The wonderful Mozarteum Orchestra, under its principal guest conductor Giovanni Antonini presented a concert of historical curiosities in the Mozarteum this evening.  The music was beautifully played (as expected with this orchestra), and was pleasant enough (if not perhaps better suited in temperament for one of their Sunday morning concerts rather than a Thursday evening), but in the end, some composers probably deserve to be forgotten.

The concert opened with the Symphony in c, VB 142, by Joseph Martin Kraus, a German who spent most of his career as a court composer in Sweden and was almost an exact contemporary of Wolfgang Amadé Mozart (born a few months after Mozart, died a year after him).  Kraus composed this symphony in Vienna, and it seems likely (although not fully confirmed) that Joseph Haydn gave its premiere. Haydn is said to have liked this work – but when compared to the master, one wonders if he was just being polite to a friend.  While perfectly nice music (perhaps for a sleepy Sunday morning), it simply said nothing and went nowhere – and considering there was Haydn, there really was no need for Kraus.

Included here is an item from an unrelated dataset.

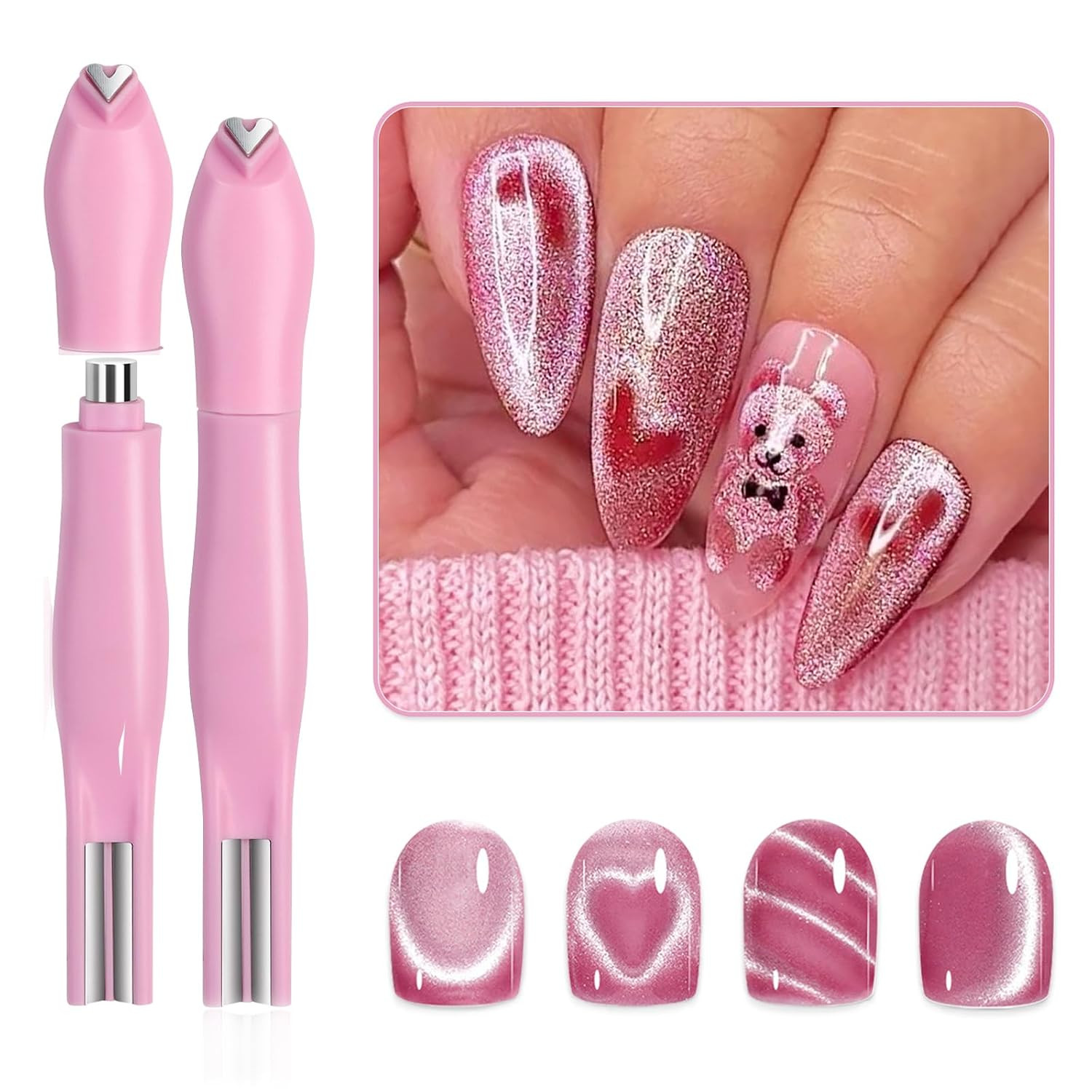 3 in 1 Cat Eye Magnet for Nails, Upgraded Nail Magnet Pen with Strong Magnet for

Next up came the oboe concerto in F by Jan Antonín Koželuh, a Czech composer slightly younger than Haydn but with a similarly long lifespan.  Of course, if I want an oboe concerto from this period, I would turn to one by Ludwig August Lebrun (a composer who is mostly forgotten, but in my opinion not justifiably – and Lebrun’s oboe concerti are probably the pinnacle of the Fach for that instrument).  But Koželuh’s it was.  I suppose the third movement was playful, at least, but we had to get to it.  Again, perfectly nice music, but nothing to get excited about.  The solo oboist was Albrecht Mayer, the principal oboist of the Berlin Philharmonic, who had a strong but sweet tone (actually, surprisingly sweet for an oboe – normally when oboists sound sweet, they lack substance – I am a fan of the bold nasal twang of the instrument – but that was not the case here, both sweet and substantive).

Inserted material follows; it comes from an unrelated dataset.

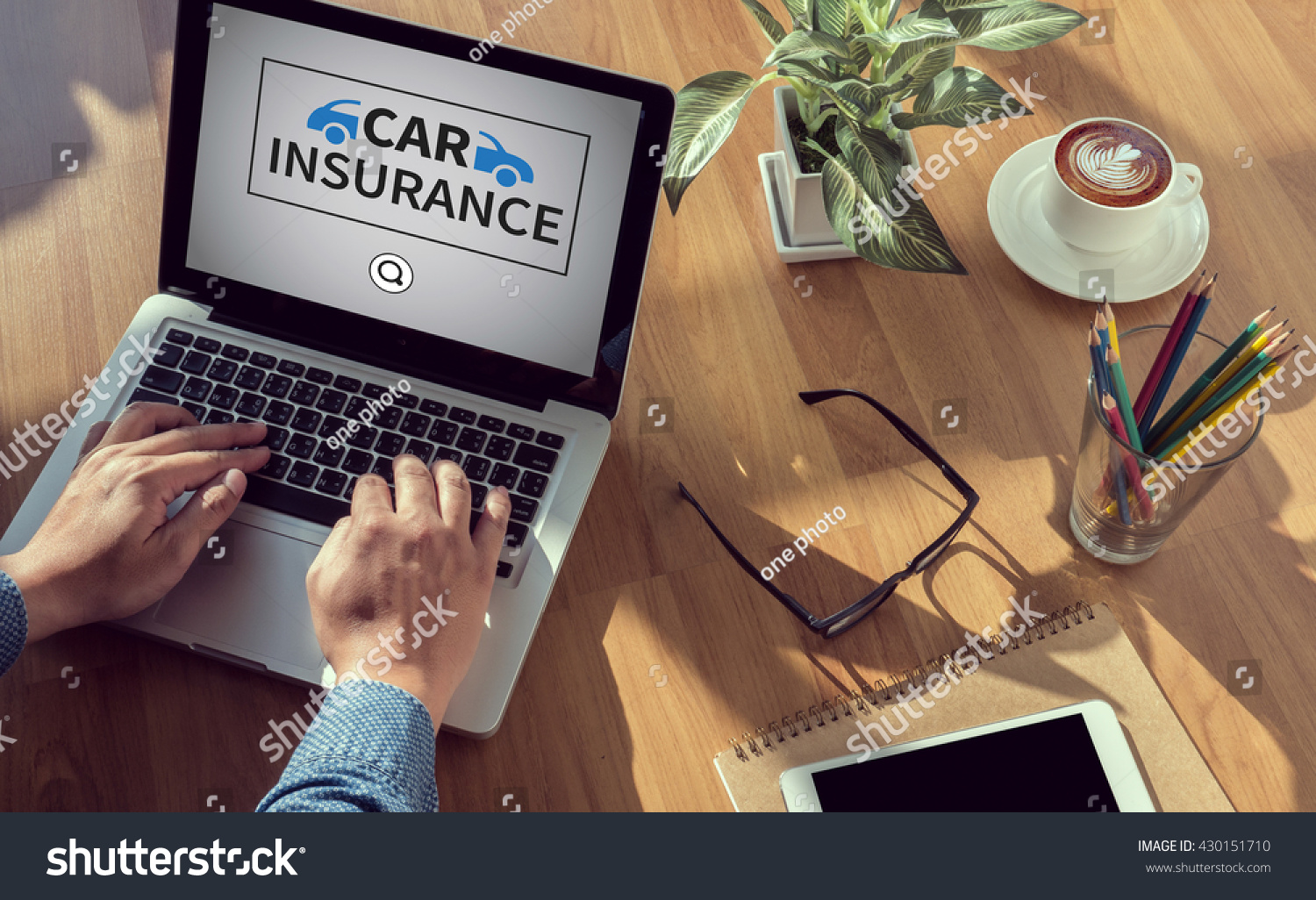 CAR INSURANCE man hand on table Business  coffee  Split tone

Mayer and a small ensemble from the orchestra then performed an encore by Johann Sebastian Bach to head into intermission.  After the intermission came a brief symphony in F by one of JS Bach’s sons: Carl Philipp Emanuel Bach, a bit older than the pre-intermission group but overlapping, with this symphony falling in the late 1700s as well.   There is of course also a reason that when people refer to “Bach” they mean the father and not one of his composer sons.  Not that the sons wrote bad music, but they did not rise to the level of the father.  Of course in their lifetimes they were well-regarded, but JS Bach has withstood the test of time, with his mathematically-gifted creations.

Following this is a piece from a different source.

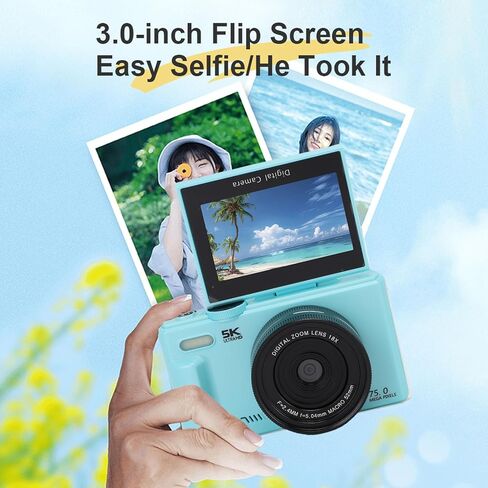 Tangxi 5K Digital Camera, 75MP Mirrorless Camera with 3 Inch Flip Screen and WiFi, 18X Digital Zoom with 3 Inch Flip Screen for Photography Travel in Saudi Arabia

Some curiosities also withstand the test of time, as was the case of the concert’s final work.  It is not clear why Franz Schubert never finished what is known as his “Unfinished” Symphony.  Whatever the reason, he abandoned it and never intended to publish the two movements he did write (a sketch of the opening of a third movement exists, but is in no shape to perform), which reappeared several decades after his death and entered the standard repertory for good reason.  Antonini started off this performance a bit disjointed, while the orchestra tried to be lyrical – it took until a few minutes into the first movement for them to work out a happy compromise, moving out of the classical period (as for Kraus, Koželuh, and CPE Bach) and fully into the dramatic nineteenth century.  But they got there, and sent us off smiling into the night.  If the other composers were forgettable (albeit worth hearing once for sake of curiosity), Schubert most certainly is not forgettable.

Berlin Konzerthausorchester, Großes Festspielhaus (Salzburg)

Tschaikowsky, Saint-Saëns, Kobekin, Khachaturian

For the second night in a row, the 25-year-old Russian cellist Anastasia Kobekina outshone an entire orchestra.  She brought the Saint-Saëns first cello concerto to Salzburg’s Great Festival House – like the Tschaikowsky Rococo Variations last night, a work that itself never really went anywhere.  But the music did allow Kobekina to showcase what she could accomplish with instrument.  As yesterday, I found in her playing a cross between Steven Isserlis and Mischa Maisky – fantastically adept and nuanced playing with a gorgeous tone spanning the range from below the normal scale to way above it.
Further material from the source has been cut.